Ao tirar partido da lógica interna do livro, identificando seus limites e regras de funcionamento, os livros-poemas de Dias-Pino alargam as convenções milenares do códice e da poesia tradicional, despontando como pioneiros da categoria de livro de artista no Brasil e no mundo. Nesta revisão teórica do binário livro-poema, ambos os objetos são confrontados como problemas artísticos e solucionados em experiência plástica e nominativa pelo artista. Ampliam-se, com isso, os campos teóricos da arte e da literatura pelo contínuo tangenciamento de seus limites em empreendimento reconciliatório entre forma e conteúdo.
Agradecimentos
Este trabalho foi desenvolvido em pesquisa de Iniciação Científica orientada pelo professor Rogério José Camara junto ao grupo de pesquisa PLACE, vinculado ao Centro de Artes da Universidade Federal do Espírito Santo. O projeto contou, ainda, com o apoio financeiro do programa PIBIC – UFES/Petrobrás e do CNPq.

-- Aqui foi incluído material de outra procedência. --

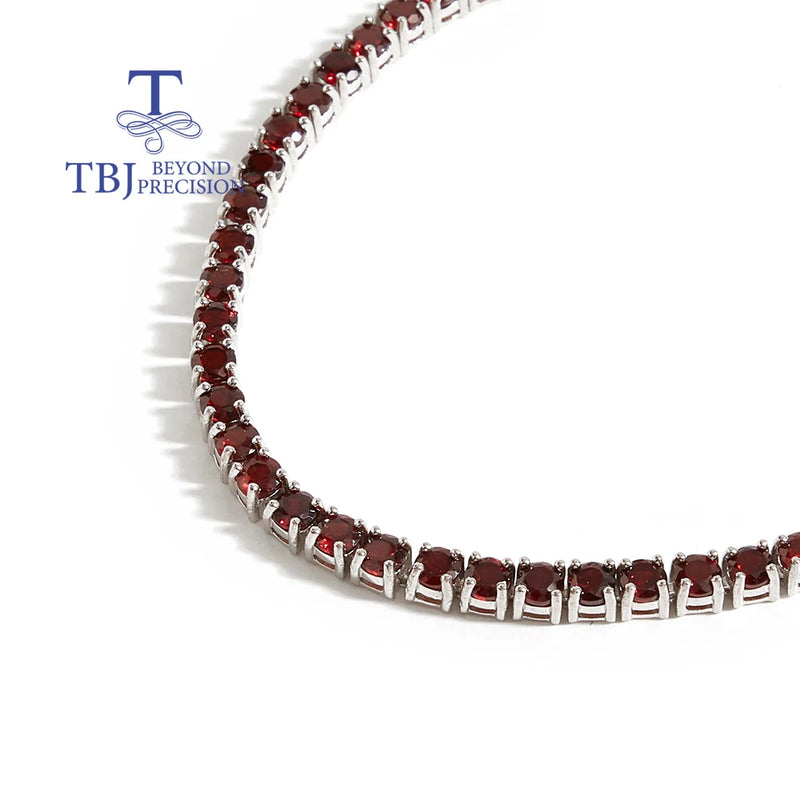 925 Sterling Silver Garnet Bracelet for Women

1 SÁ, Álvaro de. Vanguarda – Processo de Comunicação. Petrópolis: Editora Vozes, 1977, p. 92.
2 MENDONÇA, Antônio Sérgio; SÁ, Álvaro de. Poesia de Vanguarda no Brasil. Rio de Janeiro: Edições Antares, 1983, p. 167.
3 Menezes, Philadelpho. Poética e visualidade: uma trajetória da poesia brasileira contemporânea. Campinas, SP: Editora da UNICAMP, 1991.